At one point in “Bombay Velvet”, Rosie Noronha (Anushka Sharma) is gripped by fear and self-doubt, and implores Johnny Balraj (Ranbir Kapoor) to take her away from the city. But Balraj scoffs, saying what lies outside Bombay is “India”, and “India” is where starvation is.
Director Anurag Kashyap’s latest film is a partially successful attempt to bring out this difference between Bombay and India: the former is far more vibrant, but also more treacherous than the rest of the country even more than 50 years ago.
Two years after the British depart from India, Balraj arrives in Bombay from Pakistan as a little boy and grows up in a brothel. He is poor but fiercely ambitious. Rosie, a jazz singer from Goa, escapes to Bombay after suffering prolonged physical and sexual abuse.
Balraj and Rosie fall in love, but they become embroiled in a turf war over the control of land that involves much of the city’s top echelons. One of them is the suave and manipulative Kaizad Khambatta (Karan Johar).
Disparagingly branded a ‘capitalist’ by his friend-turned-nemesis Jamshed ‘Jimmy’ Mistry (Manish Choudhary), Khambatta wants private mill owners and industrialists to develop the city’s reclaimed land. Meanwhile, Mistry foments a campaign against them through his tabloid. While Khambatta ropes in Balraj to execute his murky plans, Mistry uses Rosie as a pawn to checkmate Balraj and through him Khambatta.
Kashyap doesn’t exactly break new ground with a hero who is willing to pay any price to make it big in life. We have seen that kind of plot often enough to know nothing good ever comes of a deal with the devil. Also, I heard a few viewers complain about the complicated and rushed plot. There are few women in “Bombay Velvet” and they are either shrewd and heartless or vulnerable and in constant need of rescue.
Yet, the factors that work in favour of “Bombay Velvet” outnumber those that do not. For one, Kashyap elicits fairly restrained performances from most of the cast. There are moments that could have significantly hurt the intelligence quotient of the film, chiefly the one that involves the reappearance of a major character as its own twin. But that is deftly rescued from spiralling into the realm of the bizarre.
Songs are usually a serious impediment to any film’s narrative, but they work well for “Bombay Velvet”. The music is well-composed and immaculately timed, nudging the story ahead or offering a hint of things to come. There are other smart touches too, like the stand-up comedian at the Bombay Velvet club, Khambatta’s hub of illegal activities. He cracks jokes on everything from the scramble for land to illegal consumption of alcohol, and the union politics of the day.
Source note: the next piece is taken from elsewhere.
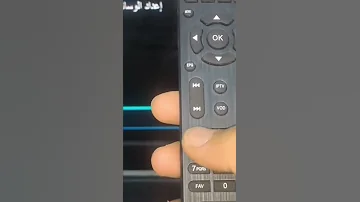 الفيديو تردد من اكواد الريسيفر لفتح القنوات الفضائية المشفره على النايل سات مجانا 2023 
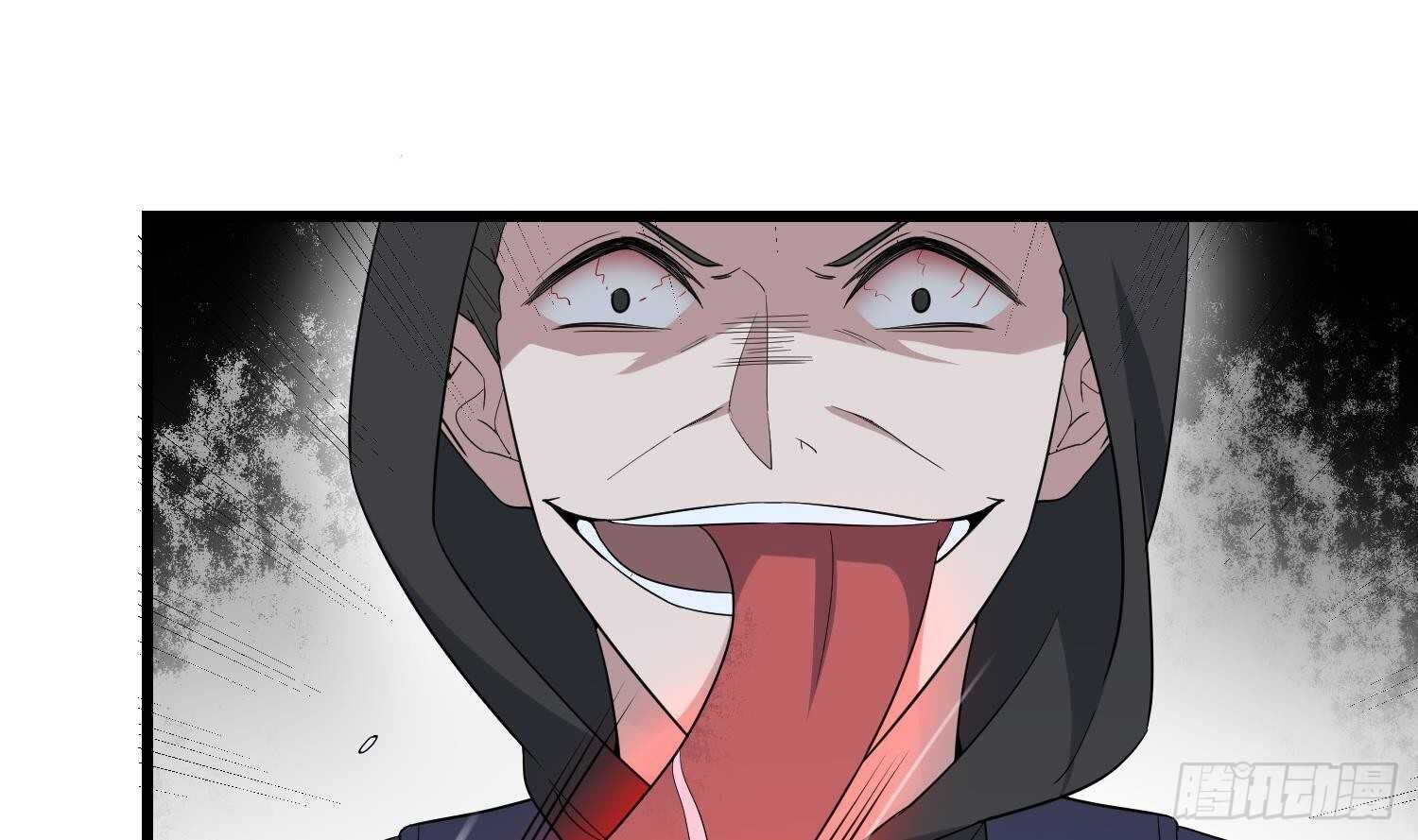 纹阴师韩漫全集-第192话 反击无删减无遮挡章节图片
Some viewers might complain of an overdose of blood and gore, although I did enjoy the stylized gun-battle between a machine-gun wielding Ranbir and Khambatta’s henchmen. The ending feels clumsy and needlessly violent, with Kashyap trying to tie loose ends with a bare postscript before the final credits roll.
Among the cast, Kapoor steals the show. From the body language of a streetfighter to his dialogue and expressions, he gets most of being Balraj right. His only problem is that he cannot stop articulating his desire of becoming a big shot.
Anushka gets as substantial a role as possible for the female lead in a Hindi movie with an A-list hero. Siddhartha Basu and Kay Kay Menon are effective, but not particularly memorable in their respective roles of the corrupt city mayor and the sincere but low-ranked police officer. Nor is Satyadeep Mishra, who plays Balraj’s best friend Chiman Chopra. He is a little too flat and ends up being a bit of a bore with his deadpan looks and soporific dialogue delivery.
The weakest link is Karan Johar. His off-screen persona of a witty man with a penchant for self-deprecating humour makes it difficult to take his onscreen avatar as a cold-hearted murderer seriously.